Uma vitória do povo brasileiro. A vitória de um
projeto político. A vitória de uma mulher. Talvez isso poderia ser
uma boa síntese das eleições deste domingo. O Brasil que a nova
presidente encontra não é o mesmo de 2003, quando Lula assumiu. É
muito melhor. No entanto, os desafios que Dilma Rousseff tem pela
frente são enormes, sobretudo o de continuar a luta para diminuir a
desigualdade social que ainda nos afronta, preocupação que ela
manifestou sempre durante a campanha.
Tenho convicção de que a democracia está se
consolidando no Brasil. Que o povo brasileiro amadurece cada vez
mais. Que a cidadania cresceu. Que a consciência da nossa gente não
se submete mais com tanta facilidade aos chamados meios de
comunicação de massa, cujo núcleo central é escandalosamente
partidarizado. Que os grotões desapareceram de nossa cena política.

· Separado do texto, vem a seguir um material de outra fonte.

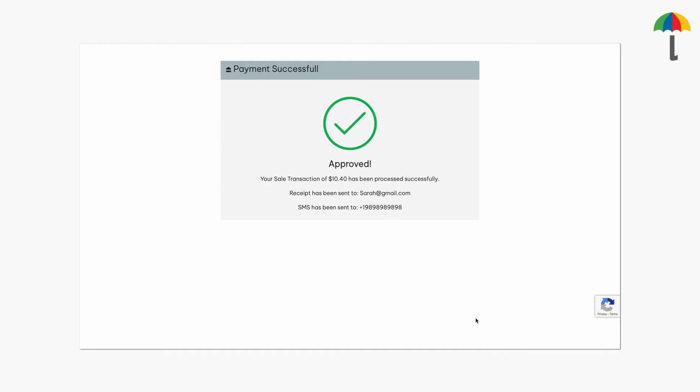Once the customer has completed the transaction, the merchant will be notified via email. To make sure they are notified, the merchant must have notifications enabled.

Que não há mais donos de votos no País, especialmente para as
eleições majoritárias. Que não se subestime mais a capacidade do
nosso povo.
Creio que definitivamente caiu por terra a
noção da existência de formadores de opinião situados na chamada
mídia hegemônica. Ou, dito de outra forma, a importância desses
atores diminuiu muito. O povo reage é diante das políticas
públicas, do resultado efetivo da atuação do governo face à sua
vida. Por que razão o povo brasileiro iria deixar de votar numa
candidata que representava a continuidade de políticas que o
beneficiaram tanto nos últimos anos e trocá-la por outro, que
representava tão nitidamente políticas que o prejudicaram
enormemente, como o governo Fernando Henrique
Cardoso?
Penso muito no desprezo que alguns daqueles que
se acreditam formadores de opinião tem pelo povo brasileiro. Não se
conformam com a popularidade do presidente Lula, tentam
desqualificá-lo o tempo inteiro, confrontando-se com índices de
aprovação superiores a 80%. E embarcaram de forma resoluta na
tentativa de desqualificação da candidata Dilma Rousseff, inclusive
na sordidez que envolviam os falsos dossiês sobre sua atuação
política ou, ainda, sobre o odioso caso da posição diante do
aborto.
O povo brasileiro elegeu Dilma com muita
consciência de que apoiava um projeto político. Há aqueles que
atribuem a eleição de Dilma apenas ao inegável carisma do
presidente Lula, e não há dúvida de que isso contou. Parafraseando
Caetano Veloso, que referiu-se a Roberto Carlos dizendo a gente
sabe a quem chama de rei, o povo sabe a quem chama de
líder.
Lula é o maior líder político e popular da
história do Brasil. No entanto, não fosse o extraordinário governo
feito nesses oito anos, com resultados nunca antes vistos, para
melhor, nas condições de vida do povo brasileiro, e certamente não
bastaria o carisma do presidente Lula.
O carisma se afirmou por conta, sobretudo, das
políticas públicas que foram levadas a cabo pelo governo, fruto de
um projeto político pensado pelo PT, desenvolvido com mais
consistência entre o final dos anos 90 e início do novo milênio.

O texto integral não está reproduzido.